The notice states, “The Stalking Horse Purchase Agreement contains the following corrections: Stalking Horse Purchase Agreement: Added a reference to Schedule 7.2 – Allocated Values in the Table of Contents; Disclosure Schedules: Reordered placement of Schedule 7.2 – Allocated Values; and Exhibit C: Inserted an amended Exhibit C that removed 47 Contracts that are no longer Assigned Contracts.”
According to documents filed with the Court, “Prior to or substantially concurrent with the execution of this Agreement (or, in the event that the Escrow Agent is not prepared to accept the Deposit on the date hereof, as soon as the Escrow Agent is so prepared, including that the Parties have satisfied its ‘know your customer’ and other compliance requirements and provided its wire instructions), Buyer has paid or shall pay to Sellers, to be held in escrow by the Escrow Agent, by bank wire transfer of immediately available funds, a deposit in the amount of three million six hundred and fifty thousand dollars ($3,650,000) (the ‘Deposit’).”

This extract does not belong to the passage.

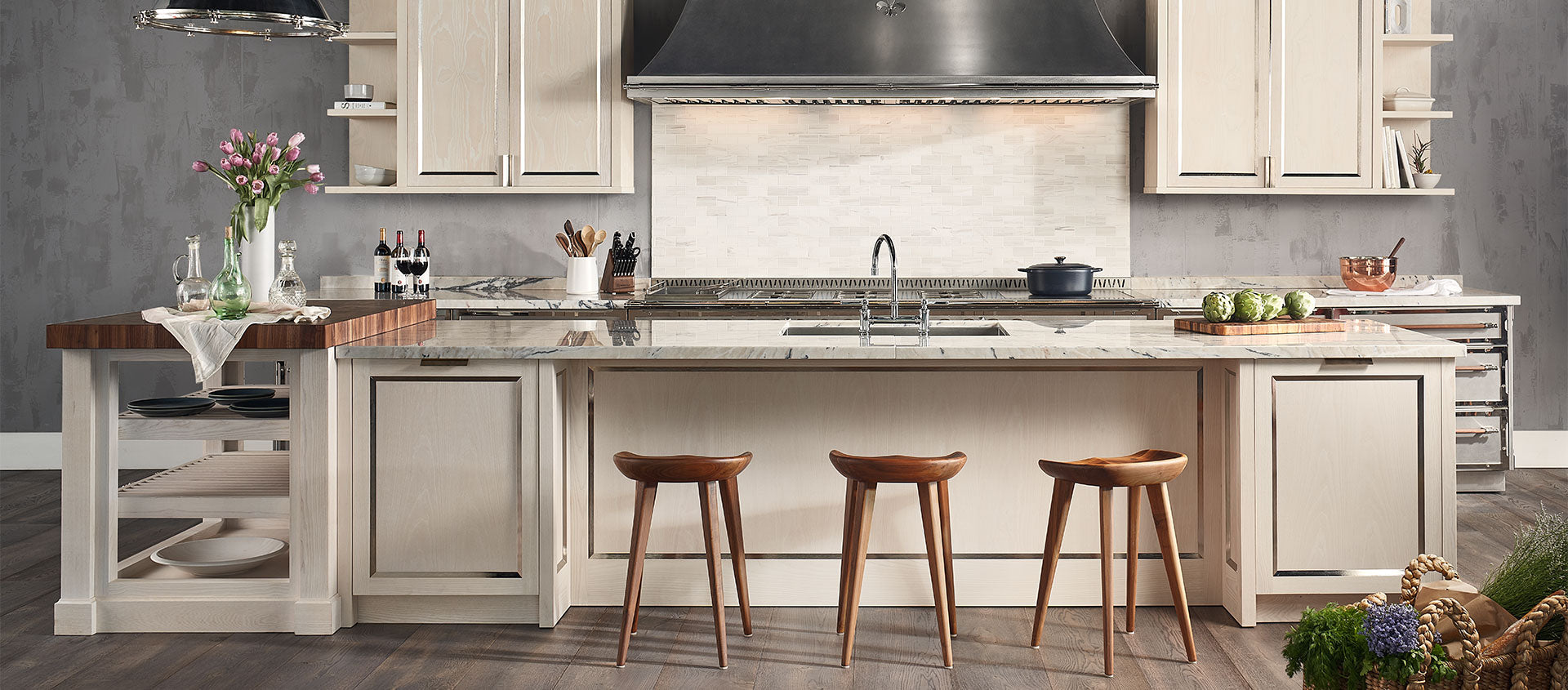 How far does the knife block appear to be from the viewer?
5.21 m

Court-filed documents continue, “At Closing, unless the Applicable BLM Leases have been reinstated by the BLM, Buyer shall pay to Sellers, to be held in escrow by the Escrow Agent, by bank wire transfer of immediately available funds, a deposit in the amount of Five Million Eight Hundred Fifty Thousand and No/100 Dollars ($5,850,000) (the ‘BLM Holdback’), being equal to the Allocated Values of the three (3) Wells affected by the BLM Matters (Clark Griswold Federal 3-17-20H, Noonan Federal 3-18-19H, and Greg Marmalard Federal 3-28-33H) (such Wells, being the ‘Applicable BLM Wells’, and the corresponding Leases, being the ‘Applicable BLM Leases’).”